I have a faculty member planning the same thing. Since we are autoscaling, something like direct SSH/WinSCP is out. I didn’t think of getting another container spun up for just file transfers. Something like this may work. I wish they supported Github OAuth for uniformity.

I’ve experimented with syncthing to do this on a kubernetes based JupyterHub.

It kinda works but syncthing seems to crash/tries to upgrade or some such after about 60s :frowning:

I have done it. But is can be tricky. The trick is to connect ssh to the bash shell of an image with the users persistent home mounted. That is the users ssh account as a special shell that set up the bash connection.

NOTE this can only be a local container, it can NOT be a running swarm service, unless you find that service is local, and you locate the actual container for the docker command.

If there is no running local container available to connect you need to start one… (see below)

Further that system needs to have a link from /usr/libexec/openssh/sftp-server which is where the host Redhat system thinks the sftp server is located, to where it is really located in the running docker container. IN my cas it was debian ‘apt’ installed which was at /usr/lib/sftp-server.

NOTE this system also work for rsync. But the special user shell, will likely need to recognise that it is a sftp or rsync connection.

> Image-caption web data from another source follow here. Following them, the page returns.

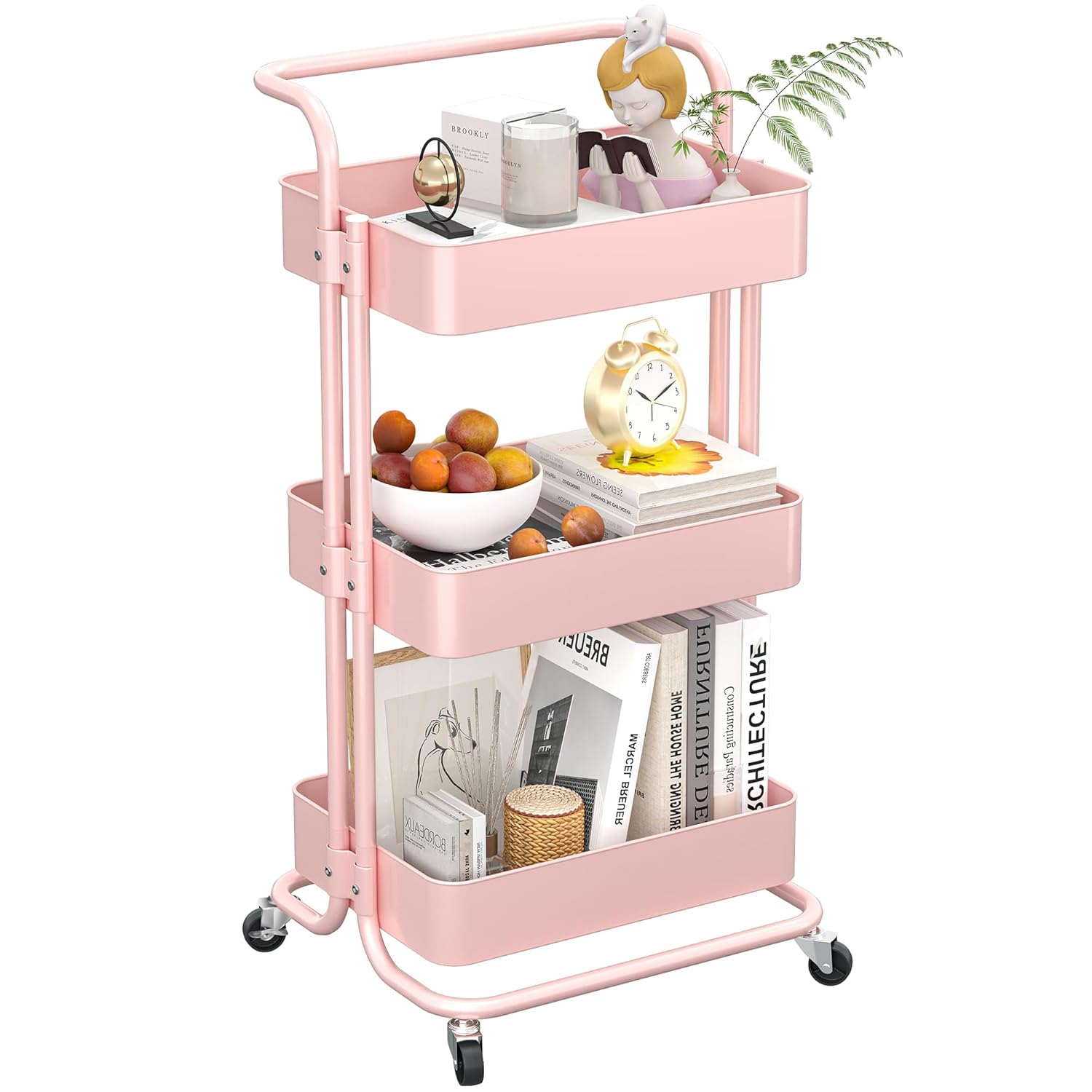 danpinera 3 Tier Rolling Cart Cleaning Organizer Utility Cart with Wheels for Storage Kitchen Bathroom-Pink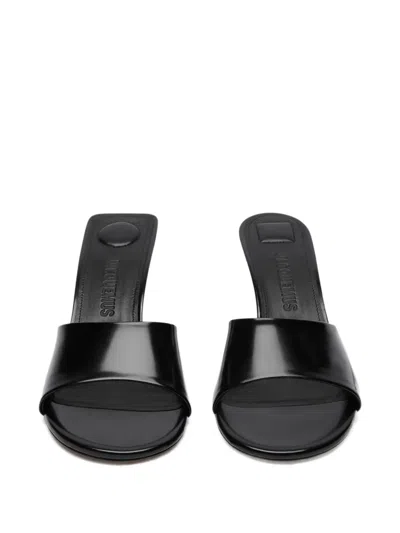 Jacquemus 70mm Leather Open-toe Mules In Black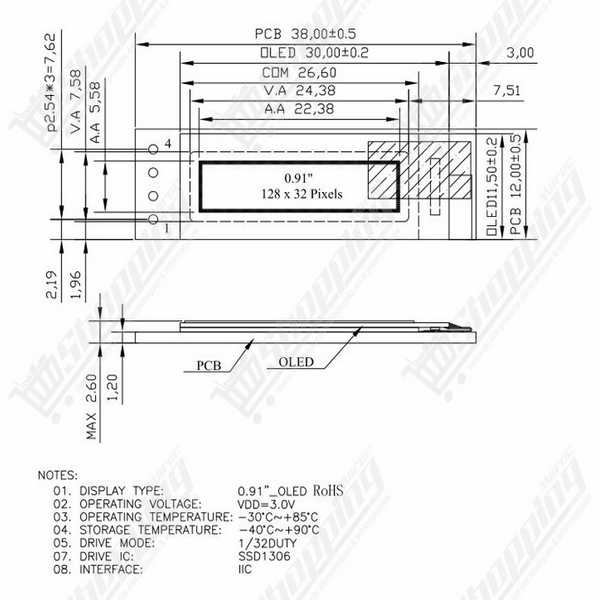 Afficheur OLED 0.91 pouce 128x32 I2C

type or paste code hereif [[ "$1" = '-c' ]]; then
  case "$2" in
      # ....
  /*/sftp-server|\
  'scp '*-[tf]' '*|\
  /*/'rsync --server '*|\
  'rsync --server '*)      # Known file transfer command...
    echo "Known file transfer command..." >> "$debuglog"
    if [[ "$container" ]]; then      # User is running an environment, and it is running on this
      # node of the swarm.  So lets connect the file transfer directly
      # to their service.
      echo "Direct connect to running environment..." >> "$debuglog"
      docker exec \
        --user     user \
        --workdir  '/home/user' \
        --env      'HOME=/home/user' \
        --interactive \
        "$container" \
        /bin/bash "$@"
    else
      # Users environment is not in an accessible container
      # Create a temporary "file-transfer" container for the transfers
      #
      # Uses the login PID to ensure the service name is unique so that
      # multiple file transfer containers can be used.  Mostly this is
      # because  "Filezillia" uses a separate connection, to do its
      # transfers in the background.   Arrgghhh...
      echo "Connect to a file-transfer container..." >> "$debuglog"
      mkdir -p "$mount"    # Ensure at least an empty directory exists
      docker run --rm \
        --name     "$user-ft-$$" \
        --workdir  '/home/user' \
        --env      'HOME=/home/user' \
        --volume   "$mount:/home/user" \
        --interactive \
        file-transfer-image:latest" \
        /bin/bash "$@"
    fi
    echo "Finished: $(date +'%F_%T') exit: $?" >> "$debuglog"
    exit $?
    ;;
   # ....
  esac

else  # Arguments given, but not the expected remote SSH command!
  log "ERROR: Non-standard shell argument!"
  echo "Non-standard shell argument!  This should not happen!" >> "$debuglog"
  exit 1
fi

Note there is a LOT missing from the above, like how to find the users running container location of there mounted home, etc etc etc. but the essence is there.